= Beginning of Section =
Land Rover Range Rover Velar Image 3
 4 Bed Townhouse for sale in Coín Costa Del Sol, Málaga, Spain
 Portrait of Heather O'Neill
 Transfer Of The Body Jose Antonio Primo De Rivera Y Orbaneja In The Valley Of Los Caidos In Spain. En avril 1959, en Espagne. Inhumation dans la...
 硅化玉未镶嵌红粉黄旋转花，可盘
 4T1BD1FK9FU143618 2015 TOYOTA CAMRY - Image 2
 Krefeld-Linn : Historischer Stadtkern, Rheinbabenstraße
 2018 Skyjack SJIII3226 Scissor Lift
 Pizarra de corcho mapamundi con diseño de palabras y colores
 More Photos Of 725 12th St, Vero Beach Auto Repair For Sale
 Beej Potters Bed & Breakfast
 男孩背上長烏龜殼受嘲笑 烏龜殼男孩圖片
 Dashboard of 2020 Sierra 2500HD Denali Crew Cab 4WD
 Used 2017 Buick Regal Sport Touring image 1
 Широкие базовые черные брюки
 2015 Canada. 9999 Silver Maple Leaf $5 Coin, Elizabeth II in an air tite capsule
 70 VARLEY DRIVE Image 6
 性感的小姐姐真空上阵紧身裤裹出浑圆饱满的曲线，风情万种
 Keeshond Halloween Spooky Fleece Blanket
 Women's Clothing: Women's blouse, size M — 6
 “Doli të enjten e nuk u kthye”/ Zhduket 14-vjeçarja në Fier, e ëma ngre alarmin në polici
= End of Section =
Exactly as they stand above, repeat all the records.

Land Rover Range Rover Velar Image 3
 4 Bed Townhouse for sale in Coín Costa Del Sol, Málaga, Spain
 Portrait of Heather O'Neill
 Transfer Of The Body Jose Antonio Primo De Rivera Y Orbaneja In The Valley Of Los Caidos In Spain. En avril 1959, en Espagne. Inhumation dans la...
 硅化玉未镶嵌红粉黄旋转花，可盘
 4T1BD1FK9FU143618 2015 TOYOTA CAMRY - Image 2
 Krefeld-Linn : Historischer Stadtkern, Rheinbabenstraße
 2018 Skyjack SJIII3226 Scissor Lift
 Pizarra de corcho mapamundi con diseño de palabras y colores
 More Photos Of 725 12th St, Vero Beach Auto Repair For Sale
 Beej Potters Bed & Breakfast
 男孩背上長烏龜殼受嘲笑 烏龜殼男孩圖片
 Dashboard of 2020 Sierra 2500HD Denali Crew Cab 4WD
 Used 2017 Buick Regal Sport Touring image 1
 Широкие базовые черные брюки
 2015 Canada. 9999 Silver Maple Leaf $5 Coin, Elizabeth II in an air tite capsule
 70 VARLEY DRIVE Image 6
 性感的小姐姐真空上阵紧身裤裹出浑圆饱满的曲线，风情万种
 Keeshond Halloween Spooky Fleece Blanket
 Women's Clothing: Women's blouse, size M — 6
 “Doli të enjten e nuk u kthye”/ Zhduket 14-vjeçarja në Fier, e ëma ngre alarmin në polici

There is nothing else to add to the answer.